Fortunately, that didn't carry-over into college, and no one in my family will ever be subjected to the public school rat race in the future.
As long as students go through any kind of learning process and they do this in a collective environment - I do not think labels should be emphasized and made public, not even in college. There's no gain in that, other than yes, ego boost - which is never a real gain for the individual or society.
A student who gave a stellar performance knows he is doing well because the teacher told him so privately. How is it useful to have the knowledge that he is doing super rubbed in the face of those who are doing less super?
My sister was a sub-mediocre student until late in high school when she woke up to the reality of life. With the help of a super nice tutor who helped her out as a friend, not as a paid service provider - she took off, was admitted into a very competitive university program, and she is now a published researcher, Phd, the jazz.
All the way through most of high-school she would have been labeled as one of the "dummies". Based on grades, class participation, motivation, etc - she WAS one of the dummies.
Some students are late or very late bloomers and it is wrong to paint them into a "dummy" corner simply based on previous evidence.
How about avoiding public labels or actions that lead to informal public labeling, and just informing the students of their grade discreetly, and encouraging them to reach for much better?
I used to defend the "encourage the competitive spirit" view but I later learned that the power of negative labels can be both very strong and very deleterious. By contrast, the positive labels are more likely to encourage a sense of entitlement rather than to fire up the desire to work even harder and do even better. I see it in my oldest - a student with a school-granted "gifted" label on his forehead.
Motivation is minimal and he is anything but a driven, hard-worker. He likes to frou-frou through homework, get it over with fast and then move on to play. You would think a gifted child who generally does very well on tests would want to eat academics on bread and do a lot more on his own. Oh well, he doesn't - unless it's something assigned.
The "I am already smart" syndrome is more likely to prevail than the "I am smart hence I need to work even harder and reach for my maximum potential".
Generally speaking, ego boosting is not a good idea.

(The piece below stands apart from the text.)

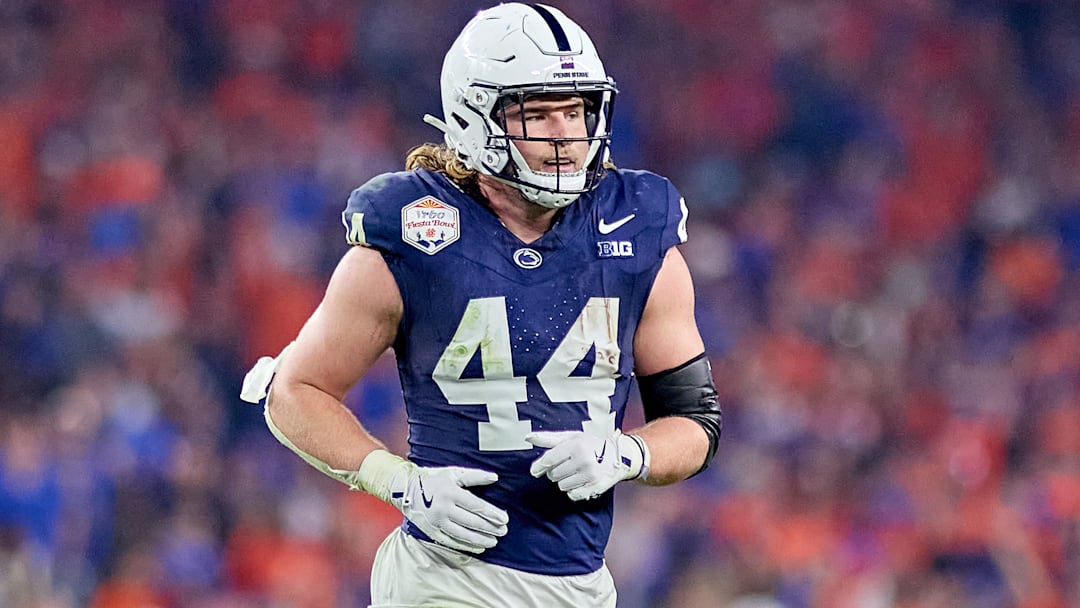 Vrbo Fiesta Bowl - Penn State v Boise State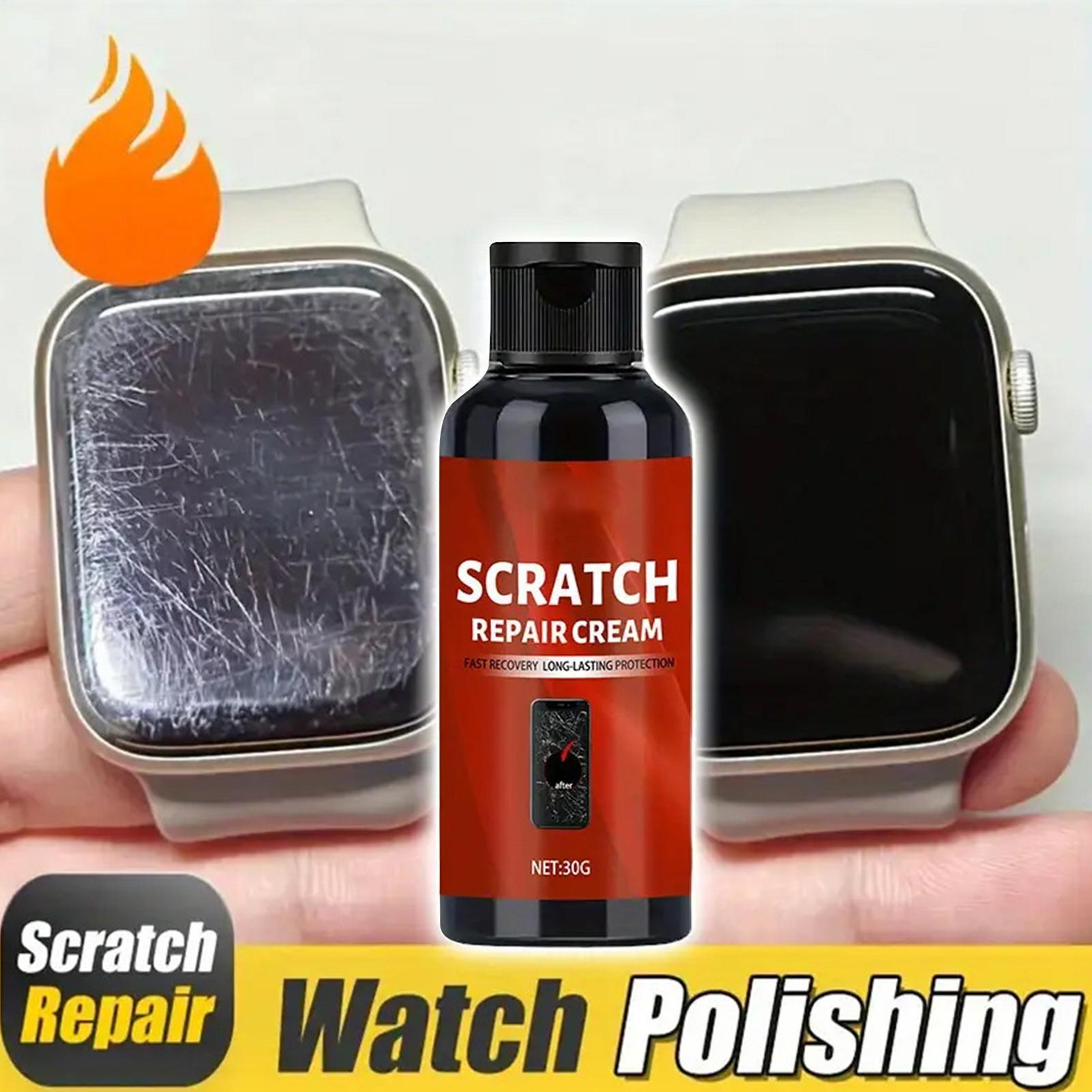 Phone Repair Kit - Schermreparatiecrème, Polijstcrème voor snelle reparatie, Reparatieset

I completely agree with the above post by Syracusa. It is unnecessary , and serves no worthwhile purpose, to make grades public. I'm also against "award ceremonies" in K-12 for the same reason.
They did away with that years ago. They are now all in the same class. Even in the "honors" classes. They said the honor kids might "inspire" the lesser performing kids to do better. I wish it was separated as you stated!
This was not true at my kids' junior high and high school. The kids are all separated by class level and ability. Kids in "honors geometry" are in a completely different classroom that kids in Formal Geometry or a kid in Geometry Concepts.
I'm also against "award ceremonies" in K-12 for the same reason.
Does that include athletic awards? For grade 12, should there be no announcements of academic or athletic scholarships that graduates have earned or the colleges and universities kids will be attending after they graduate? Have a kid with a perfect SAT and not acknowledge that? No mention of Merit Scholarship winners? No valedictorian? (Yes, there should be one; there should not be twenty kids with perfect GPAs and there should be other factors that can objectively winnow down those with the same GPA to one valedictorian and a salutatorian).
In other words, there should be no rewards for excelling at all?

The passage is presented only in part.